--- WORK TASK ---
Under this line is some data; print exactly the lines from the one containing "政府總理范明政在會議上發表講話。" through its last line, without pictures.

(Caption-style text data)
* * * * *

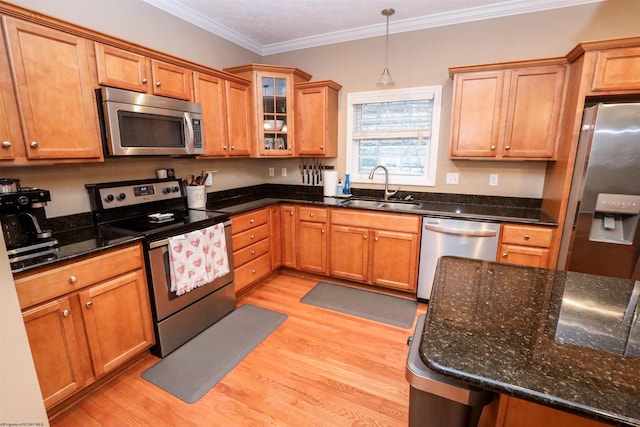 kitchen featuring sink, decorative light fixtures, dark stone countertops, light wood-type flooring, and appliances with stainless steel finishes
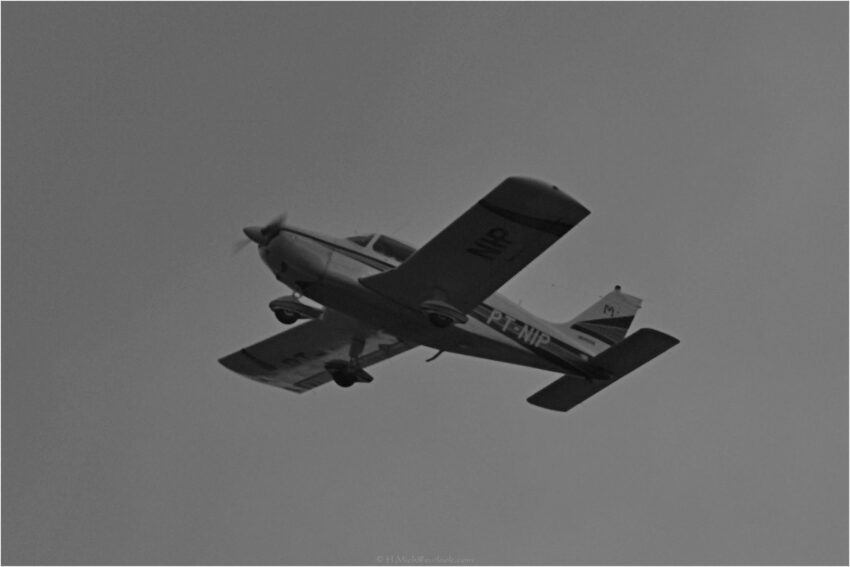 StudioOne Repo – Fotografia PB de um avião voando no céu.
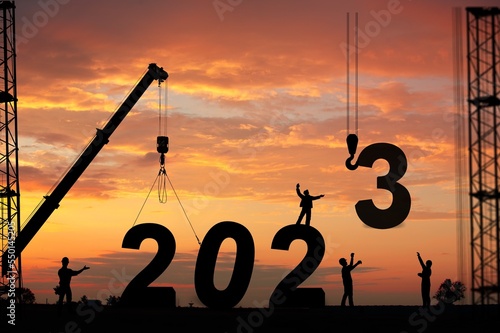 Silhouette of people team and 2023 numbers
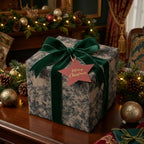 Elegant Christmas gift wrap with a green velvet ribbon and a floral pattern.
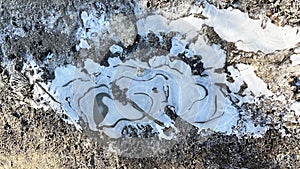 Frozen water in puddles in the mountains on the road photo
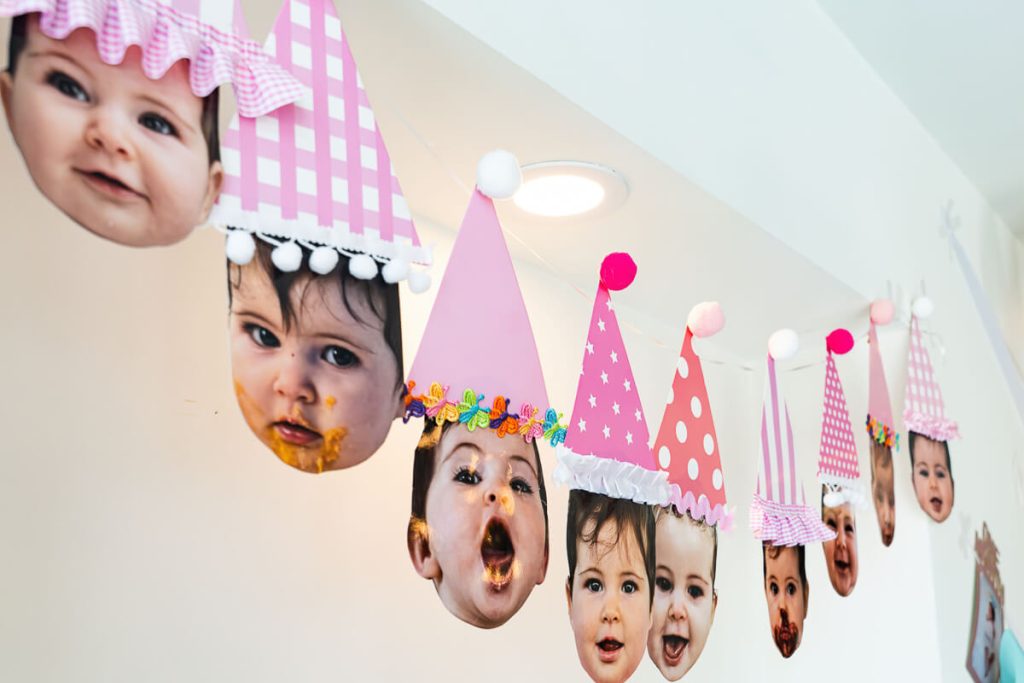 DIY first birthday photo banner with baby pictures wearing pink party hats strung across the wall as decoration.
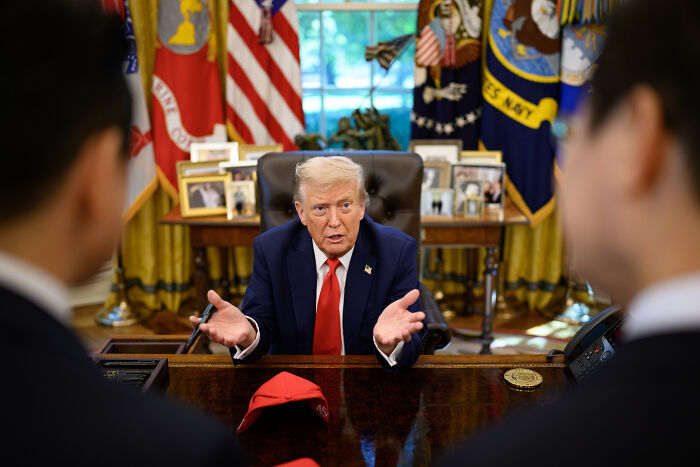 Donald Trump speaking in the Oval Office, with a red hat on the desk, amid controversy over domestic violence remarks. Donald Trump speaking in the Oval Office, with a red hat on the desk, amid controversy over domestic violence remarks.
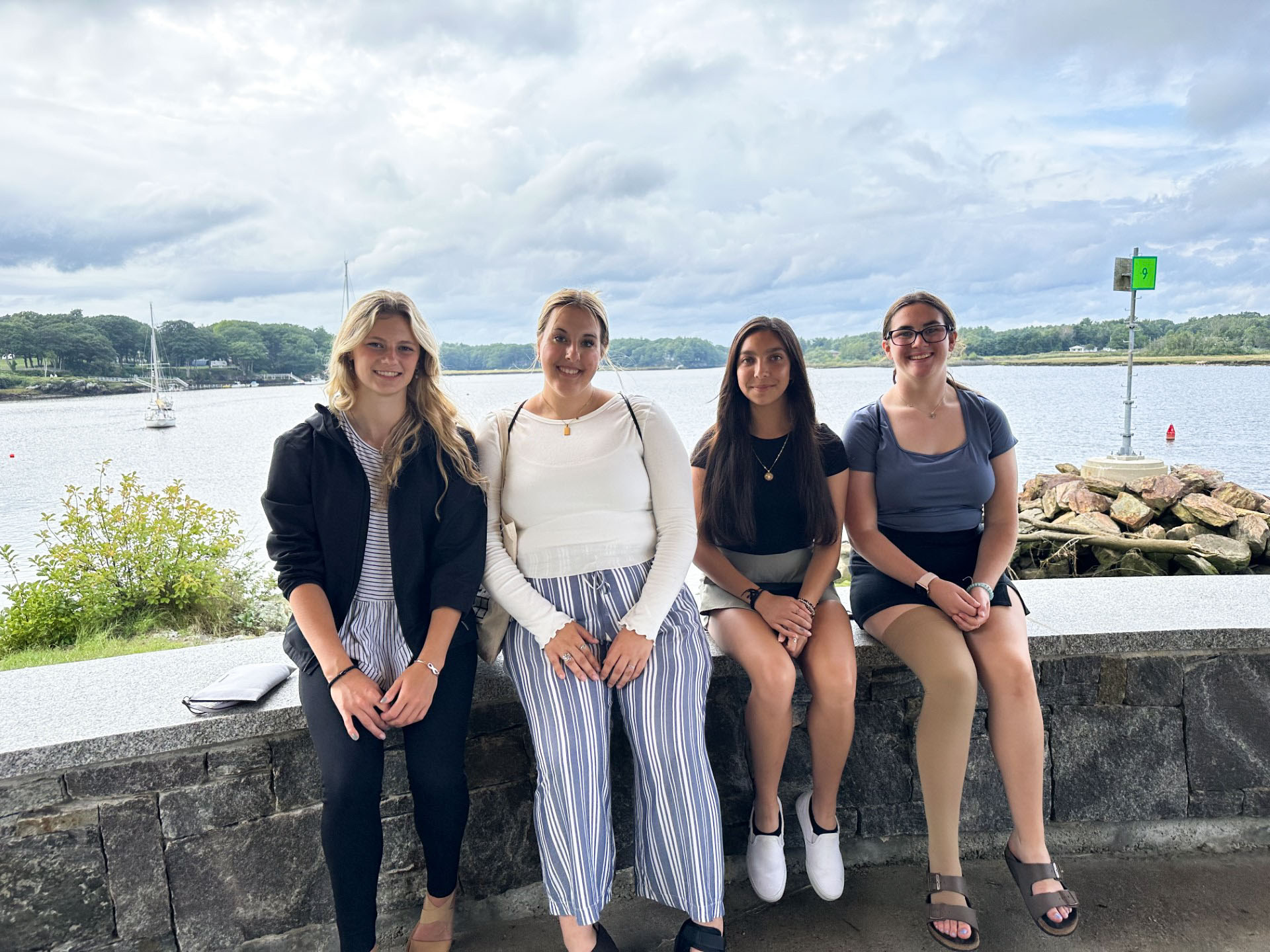 A photo of four young women posing in front of the ocean. They are sitting on a rock wall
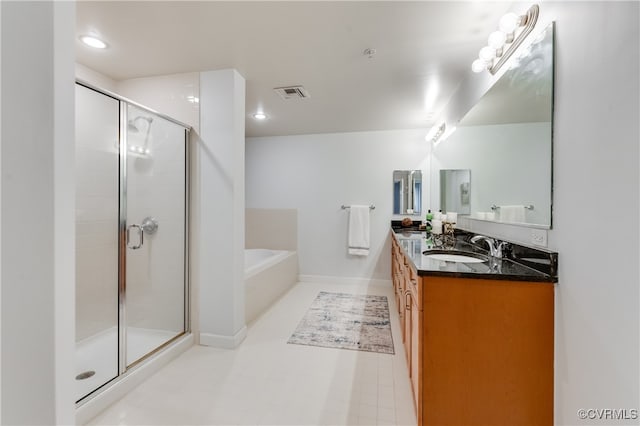 bathroom featuring shower with separate bathtub and vanity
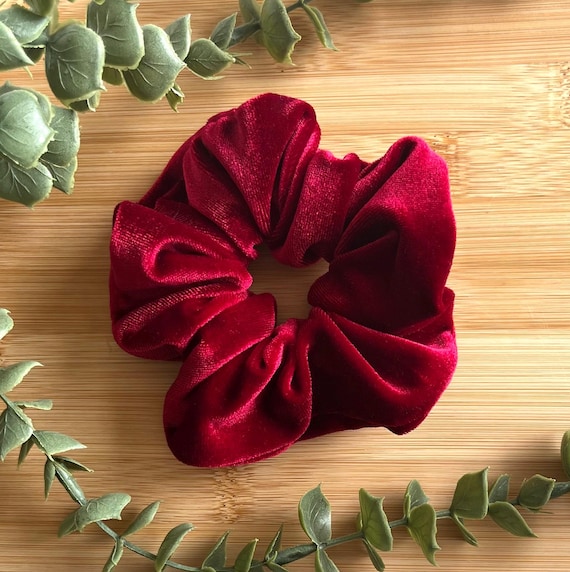A Deep Red Velvet Scrunchie Hair Accessory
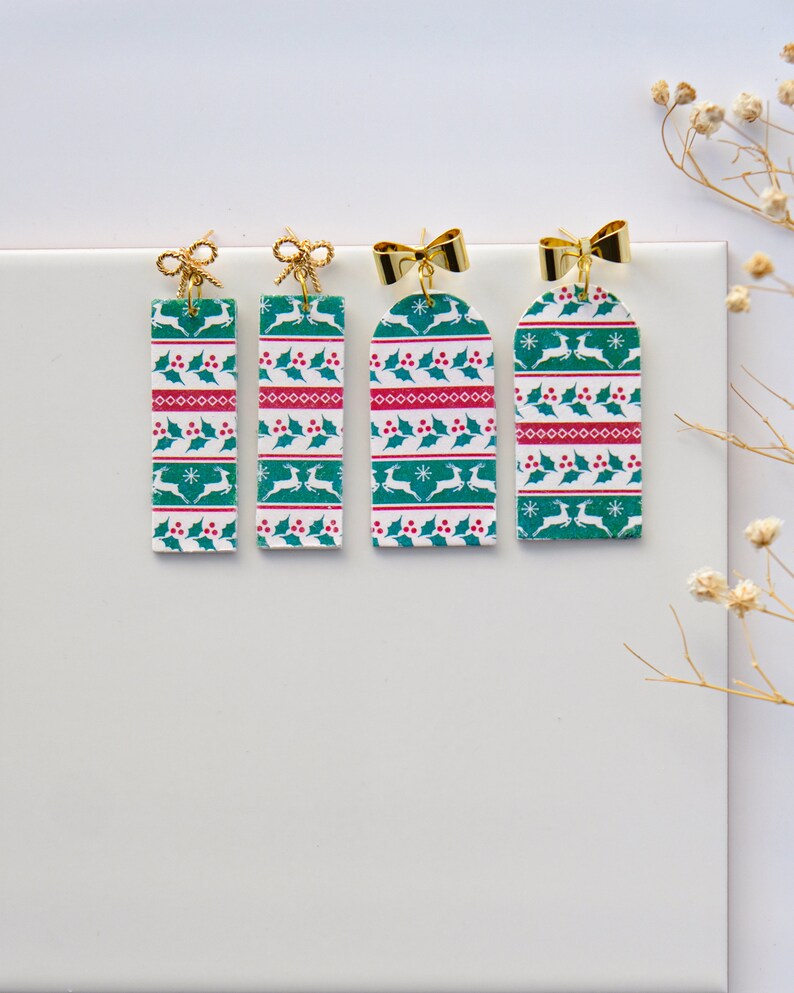 May include: Three pairs of green, red and white Christmas-themed earrings with gold bows. The earrings are rectangular and feature a repeating pattern of reindeer, holly and snowflakes.
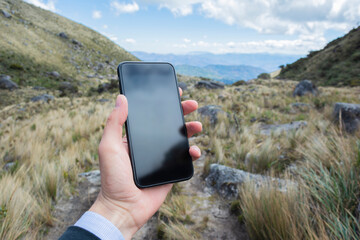 Man holding a mobile phone in a mountain cime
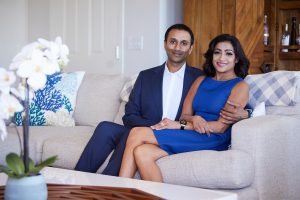 Shilen Patel's and his wife sitting on a couch smiling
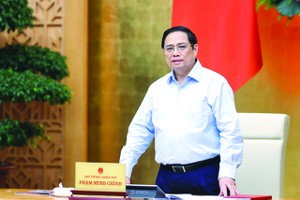 政府總理范明政在會議上發表講話。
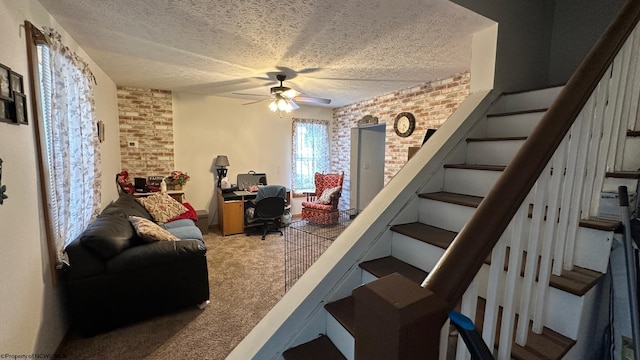 staircase with brick wall, carpet flooring, a textured ceiling, and ceiling fan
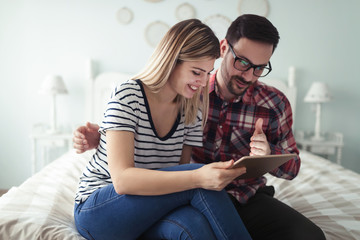 Happy couple using digital tablet in bedroom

* * * * *

--- FINAL ANSWER ---
 政府總理范明政在會議上發表講話。
 staircase with brick wall, carpet flooring, a textured ceiling, and ceiling fan
 Happy couple using digital tablet in bedroom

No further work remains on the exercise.